As much as I like to go out to eat, I know that it hurts my dollars in the worst way. In fact, one of my favorite pizza places in town puts a big dent in my wallet. Here would be a typical bill breakdown at this pizza joint (for two people):
1 margherita pizza: $9.50
1 margherita pizza: $9.50
1 bottle of red wine: $20.00
Total = $39.00
Total out the door, including $2.15 in tax and a $6.00 tip = $47.15
That’s a good chunk of change and doesn’t even include a movie yet! One of my favorite things to make at home is pizza.

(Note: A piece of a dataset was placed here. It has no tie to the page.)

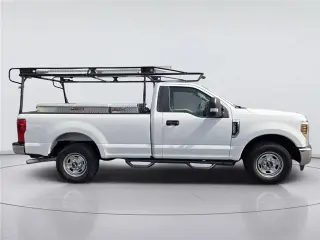 Ford F-250 Super Duty 2019 4x2 XL 2 puertas Cabina Regular 8 pies LB Pickup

I am going to give you all my secrets to making pizza that is just as good, if not better, than the margherita pizza I’ve been happy to fork over $9.50 for.
Here are the supplies you need:
- First, I assume you have an oven. If so, you are off to a great start!
- I like to use a pizza stone and pizza peel. I have had these items for awhile and if you buy quality ones, they will give you years of great pizza making service. I have a rather generic peel that I don’t even remember where it came from (either this metal one or less expensive wood one would suffice) and I have this superb 16-inch pizza stone. If you don’t want to invest in a pizza stone, you can use a much cheaper half-inch quarry tile. Just be sure it is unglazed, as a glazed one would definitely have chemical coatings you do not want. I didn’t want to risk using a potentially non-food grade quarry tile, glazed or unglazed, so I opted for the pizza stone.
- Pizza cutter.
- A food processor or blender for making sauce.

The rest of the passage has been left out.